Aquele bêbado
— Juro nunca mais beber — e fez o sinal da cruz com os indicadores. Acrescentou: — Álcool.
O mais, ele achou que podia beber. Bebia paisagens, músicas de Tom Jobim, versos de Mário Quintana.
Tomou um pileque de Segall. Nos fins de semana embebedava-se de Índia Reclinada, de Celso Antônio.
— Curou-se 100% de vício — comentavam os amigos.
Só ele sabia que andava bêbado que nem um gambá. Morreu de etilismo abstrato, no meio de uma carraspana de pôr de sol no Leblon, e seu féretro ostentava inúmeras coroas de ex-alcoólatras anônimos.
ANDRADE, C. D. Contos plausíveis.
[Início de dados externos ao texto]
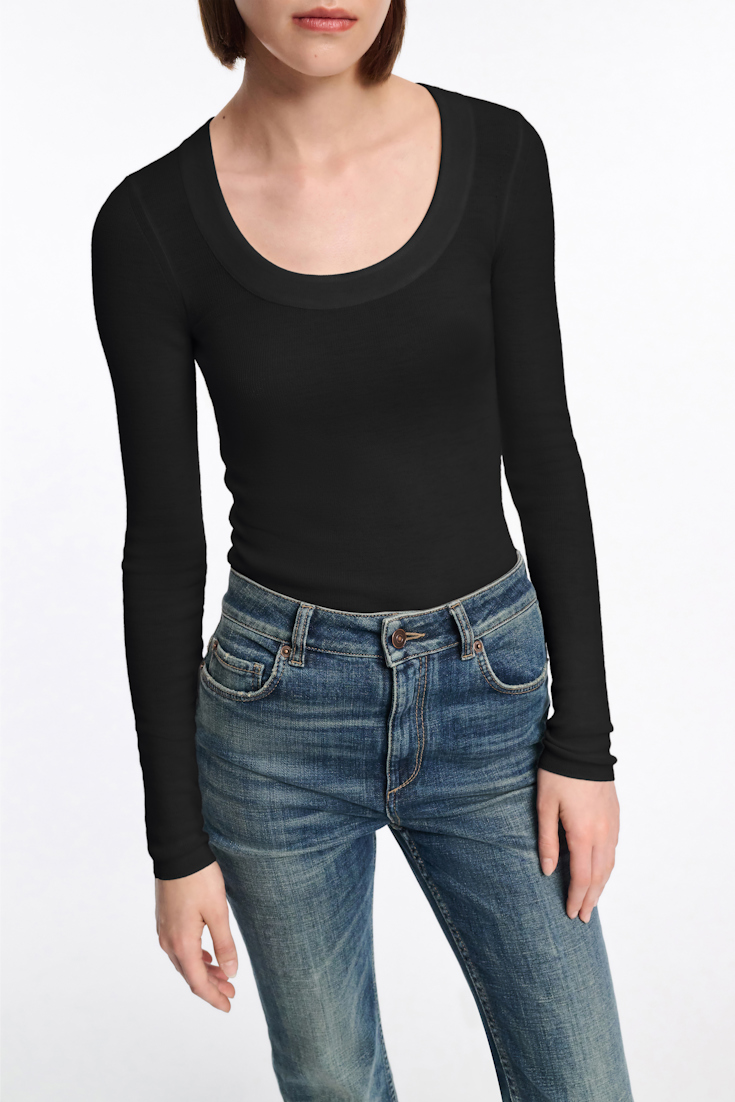 Dorothee Schumacher Pullover mit tiefem Rundhalsausschnitt aus Merino pure black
Rio de Janeiro: Record, 1991.
A causa mortis do personagem, expressa no último parágrafo, adquire um efeito irônico no texto porque, ao longo da narrativa, ocorre uma
metaforização do sentido literal do verbo “beber”.
aproximação exagerada da estética abstracionista.
apresentação gradativa da coloquialidade da linguagem.
exploração hiperbólica da expressão “inúmeras coroas”.
citação aleatória de nomes de diferentes artistas.
Relacionar informações sobre concepções artísticas e procedimentos de construção do texto literário.